Outside PACs, SuperPACs and “dark money” §501(c)(4) organizations spent $6.9 million supporting Begich, $13.8 million opposing Begich, $3.7 million supporting the Carpetbagger and $16.1 million opposing the Carpetbagger.
That’s a total of – huh, the total melted WC’s HP-12C calculator – about $57 million spent in the Alaska U.S. Senate general election campaign. And that’s only through October 15, 2014 reports. All those ads, telephone calls and annoyances in the last three weeks aren’t included.
Between the two candidates, they have 212,000 votes, in round numbers. That’s $271.43 per vote. Sure, there are still absentee and other mail-in ballots to be counted, and yes, the total spending will go up with the post-election reports. But still. $271.43 per vote.
That’s not the republican form of government envisioned by Thomas Jefferson. It may be the vision of Chief Justice John Roberts, but WC doesn’t recall voting for the Chief Justice. Our Republic is apparently for sale to those willing to pay the highest price. And we don’t even get to know who they are.

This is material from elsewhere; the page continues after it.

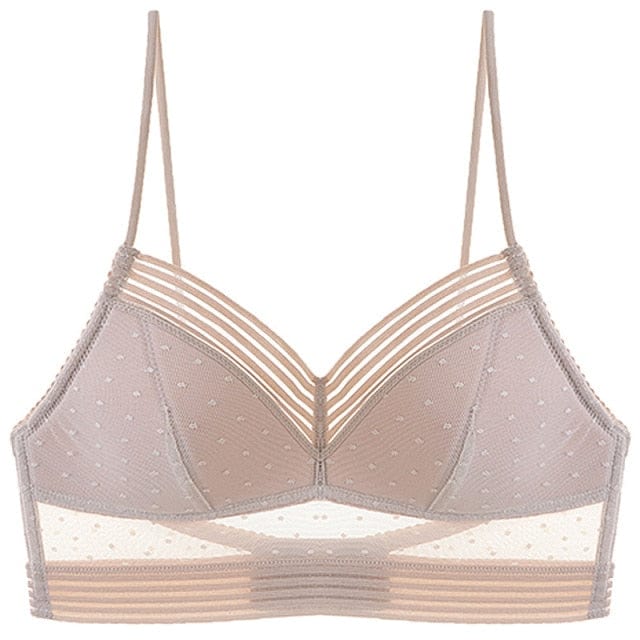 🔥DERNIER JOUR 50 % DE RÉDUCTION - Soutien-gorge en dentelle sans fil à dos bas 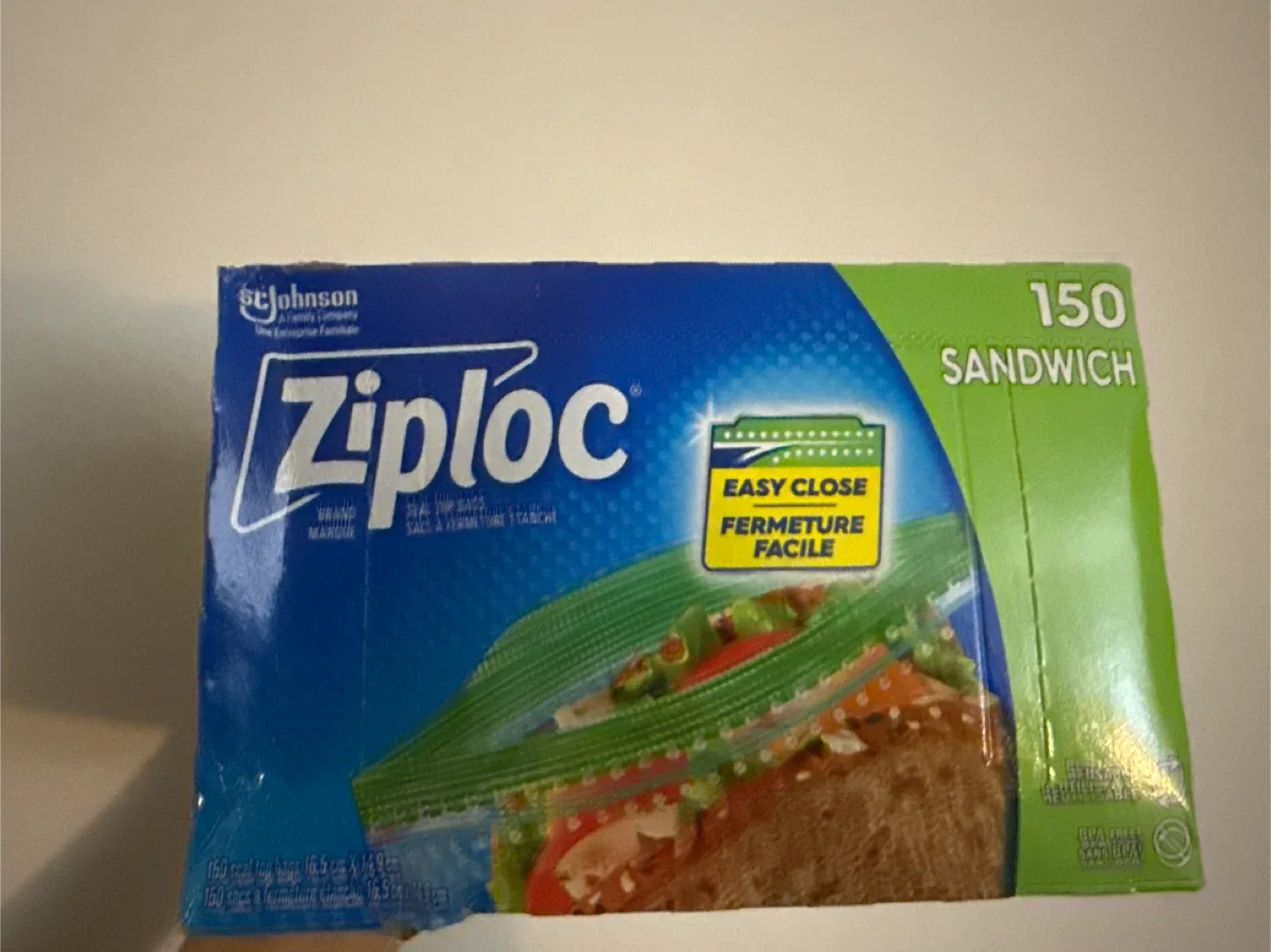 600 Ziploc Sandwich Bags image indicator(2)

Sure, it doesn’t work every time. Another carpetbagger, Scott Brown, was soundly defeated in New Hampshire, using the same script that Sullivan used. But it worked too often. Even once would be to often. The bottom line is that the Kochtopus bought themselves a U.S. Senate.
Here’s a thought experiment to consider while you think about what you could have done with the $271.43 spent on you.

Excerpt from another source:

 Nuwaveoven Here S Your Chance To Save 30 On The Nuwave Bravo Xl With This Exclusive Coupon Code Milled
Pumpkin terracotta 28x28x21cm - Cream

Imagine you are visiting Washington, D.C., and decide you’d like to visit the junior senator from Alaska, and it’s Dan Sullivan. Do you think you’ll get to see him? Do you think you’ll get to see anybody but a receptionist and a second tier staffer? Suppose you own a home in the plume of sulfolane from Flint Hills Refinery, outside of North Pole, You want the junior senator’s support in keeping the remediation level rigorous.
Now imagine you are billionaire Charles Koch, and you are in D.C., and you want to see the junior senator from Alaska. Do you think you’ll have the slightest trouble getting an immediate face-to-face meeting? And suppose Charles Koch mentions that he thinks the sulfolane level the State of Alaska has imposed is unreasonable.
Which voice is more likely to get action? The voter you spent $271.43 on, or the guy who paid all that money?
The campaign funding system in the United States has always been corrupting. Since Citizens United and that case’s progeny, it has gotten far worse. It’s reached the point that it’s indistinguishable from bribery.
$271.43 per vote. Kind of says it all.